After the question referenced the Rams’ success creating “X plays” against Seattle, Vrabel said his staff will “look at every single thing that we can that could potentially help us,” before turning it into a broader point about how important chunk gains are at the highest level.
“That’ll be critical, our ability to … create some of those X plays,” Vrabel said, adding that it has to show up whether his team is running or throwing the football. “Whether we hand it off we’re going to need to gain some chunks, and if we throw it we’re going to need to do the same.”
Even without naming Seattle again, the implication was clear: the Seahawks were the example used for how a good offense can find explosives, and those are the plays that swing postseason games.
What It Means for the Seahawks
For Seahawks fans, the uncomfortable part isn’t that the Rams were mentioned. It’s that “X plays” is exactly the kind of phrase that follows defenses around when opponents feel there’s a repeatable path to big gains.
In simple terms, “X plays” = chunk plays: the back-breaking explosive runs, deep shots, and broken-tackle gains that flip field position and put a defense on its heels. When an opponent believes those plays are available, the whole game change, play-calling gets more aggressive, and even short drives can become points.
Explosive plays are typically defined as runs of 10+ yards or passes of 20+ yards.
Over the last 10 weeks of the season, Seattle’s defense allowed an explosive play on 10.0% of snaps, which was 2nd-best in the NFL over that span (behind only New England at 9.6%).
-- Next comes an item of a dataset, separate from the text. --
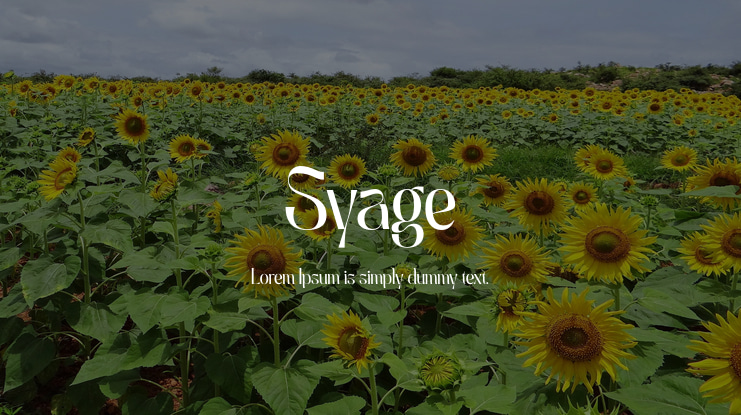 Syage Font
Through Weeks 1-6, FTN’s data had Seattle allowing explosive plays on 6.5% of opponent snaps, which ranked 3rd-best in the league in that sample.
NFL.com noted Seattle’s playoff explosive-allowed rate climbed to 16.1% after the NFC Championship vs. the Rams, when they gave up a season-high 15 explosive plays.
Why the Rams-Seahawks ‘Big-Play’ Tape Gets Studied
The Rams aren’t shy about testing defenses vertically and horizontally, and the Seahawks are a familiar opponent in that chess match. That’s why a comment like Vrabel’s matters: when a coach says they’re studying “every single thing,” it’s a reminder that tendencies travel.
Teams keep a library of “this worked against shows-up-every-year opponents,” and rivalry tape often ends up in that folder, especially when it produces clean explosives.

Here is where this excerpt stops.